---------- Records for the task ----------

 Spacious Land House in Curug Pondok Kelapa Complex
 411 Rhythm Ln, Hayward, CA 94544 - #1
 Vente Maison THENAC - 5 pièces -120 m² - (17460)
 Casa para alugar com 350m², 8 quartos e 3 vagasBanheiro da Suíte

----------
---------- Records for the task ----------

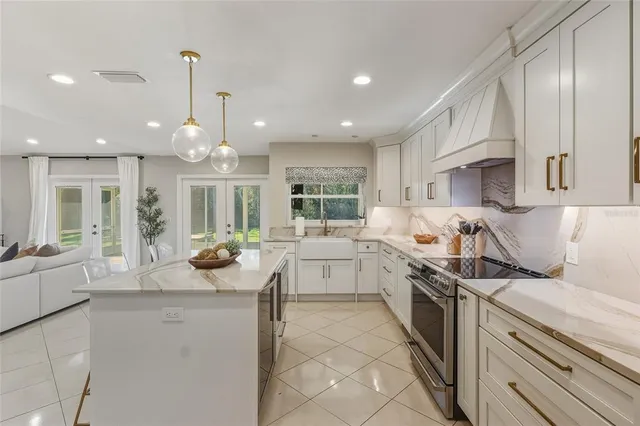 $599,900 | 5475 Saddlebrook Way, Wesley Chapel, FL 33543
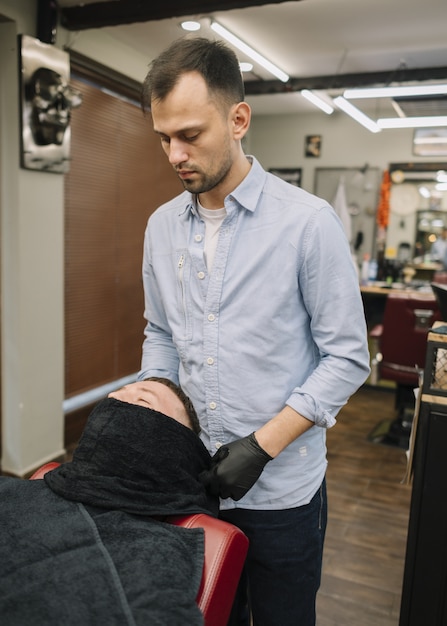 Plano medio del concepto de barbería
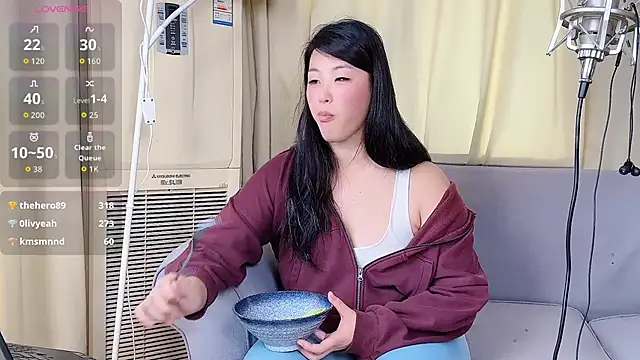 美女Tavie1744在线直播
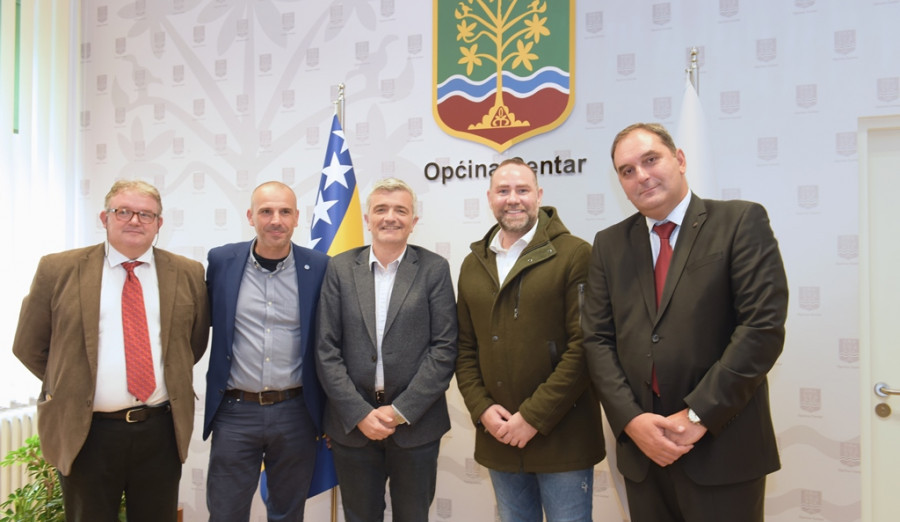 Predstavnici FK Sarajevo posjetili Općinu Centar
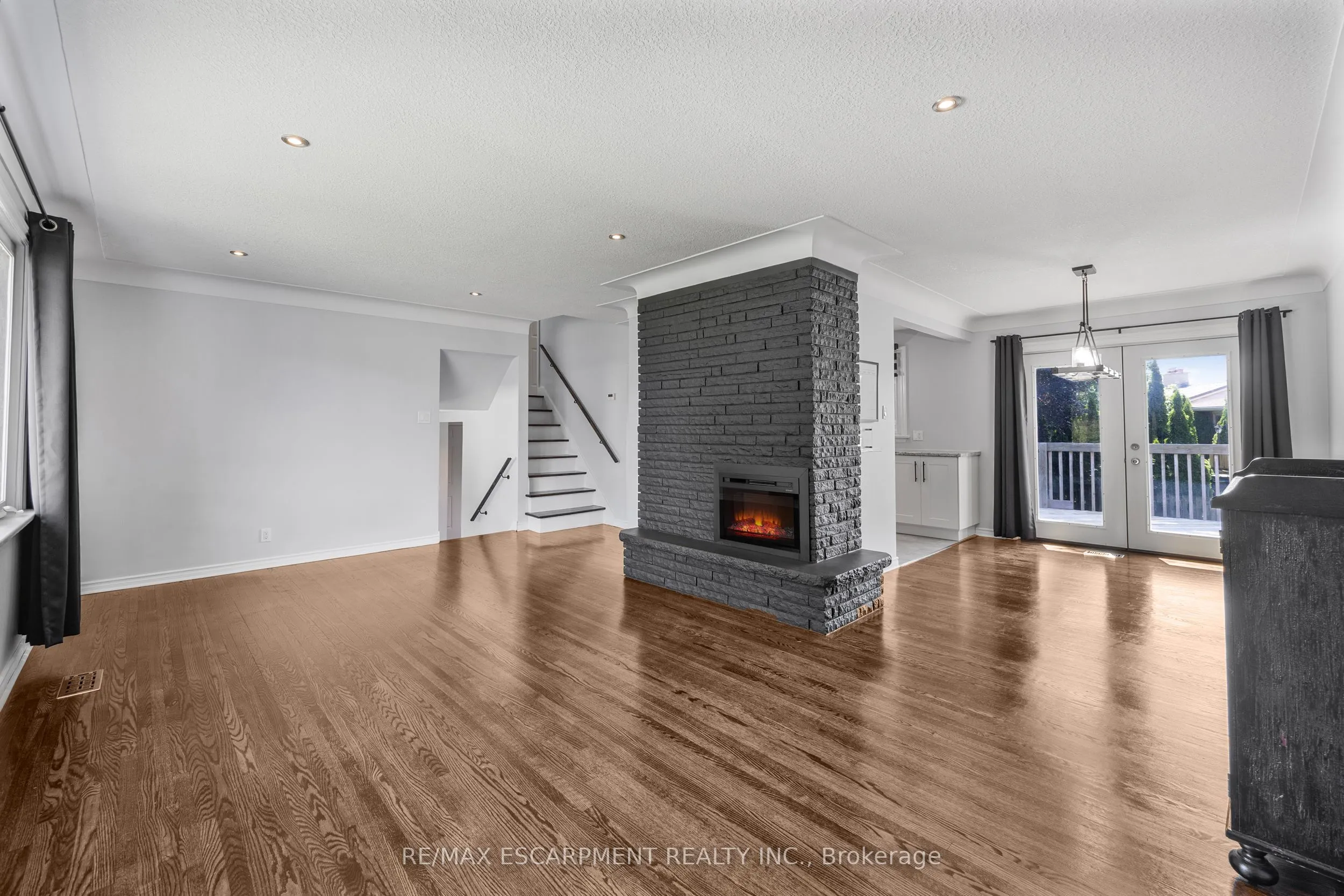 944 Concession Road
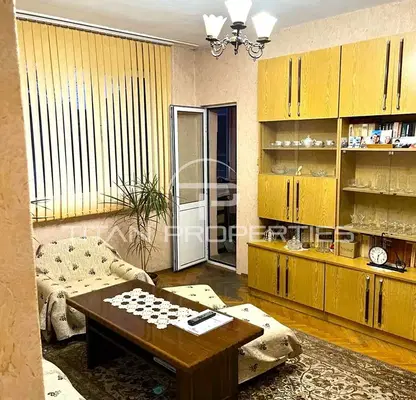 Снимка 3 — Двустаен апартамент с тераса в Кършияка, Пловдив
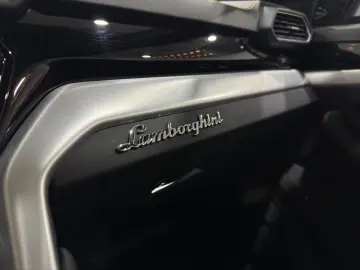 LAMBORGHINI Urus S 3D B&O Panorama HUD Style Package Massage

----------
---------- Records for the task ----------

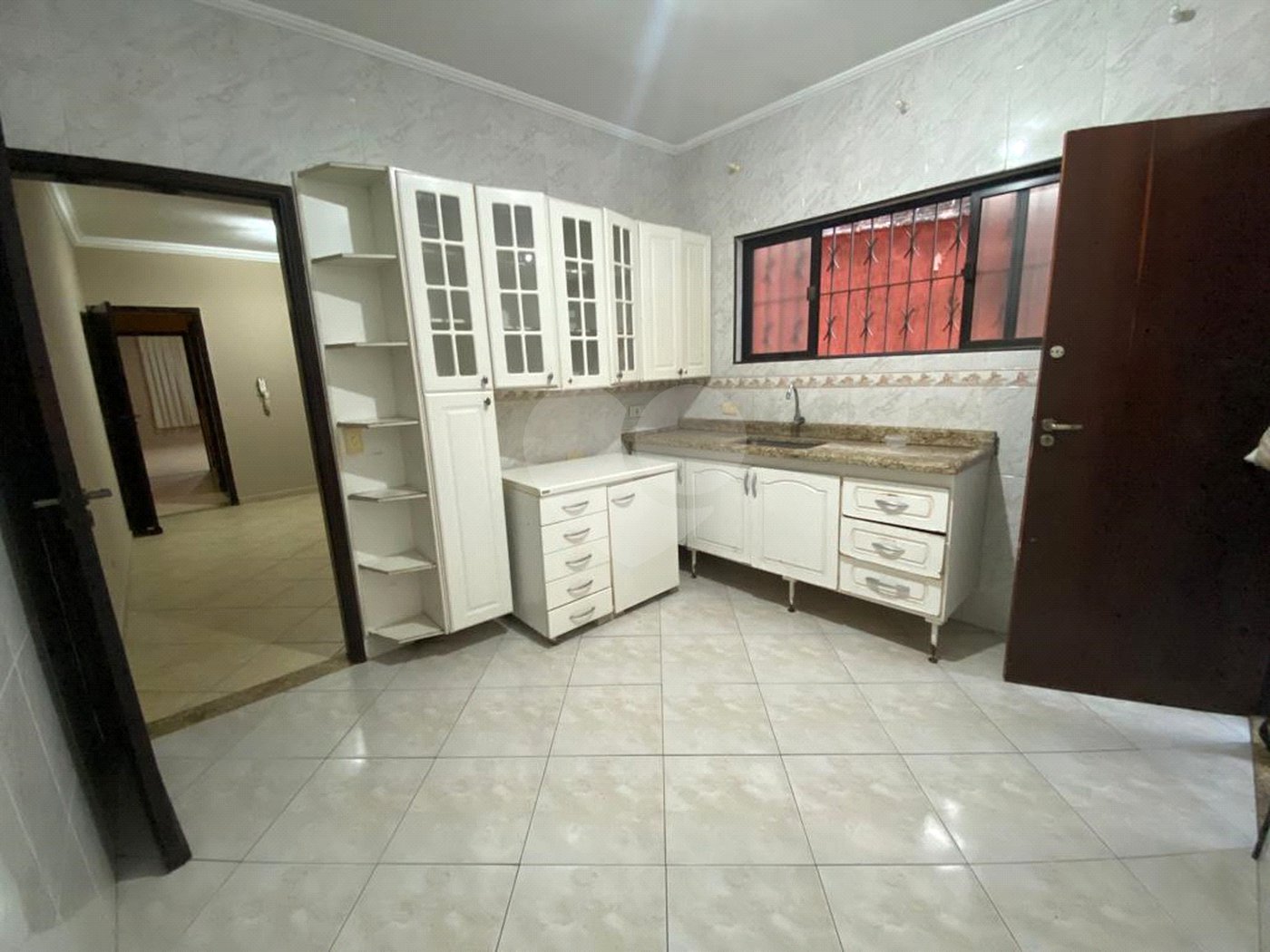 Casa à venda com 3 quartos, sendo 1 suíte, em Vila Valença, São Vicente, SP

----------

Copy only what lies between the line with "Chapel, FL 33543" and the line with "LAMBORGHINI Urus S", those two lines included, exactly as given above; pictures stay out.

 $599,900 | 5475 Saddlebrook Way, Wesley Chapel, FL 33543
 Plano medio del concepto de barbería
 美女Tavie1744在线直播
 Predstavnici FK Sarajevo posjetili Općinu Centar
 944 Concession Road
 Снимка 3 — Двустаен апартамент с тераса в Кършияка, Пловдив
 LAMBORGHINI Urus S 3D B&O Panorama HUD Style Package Massage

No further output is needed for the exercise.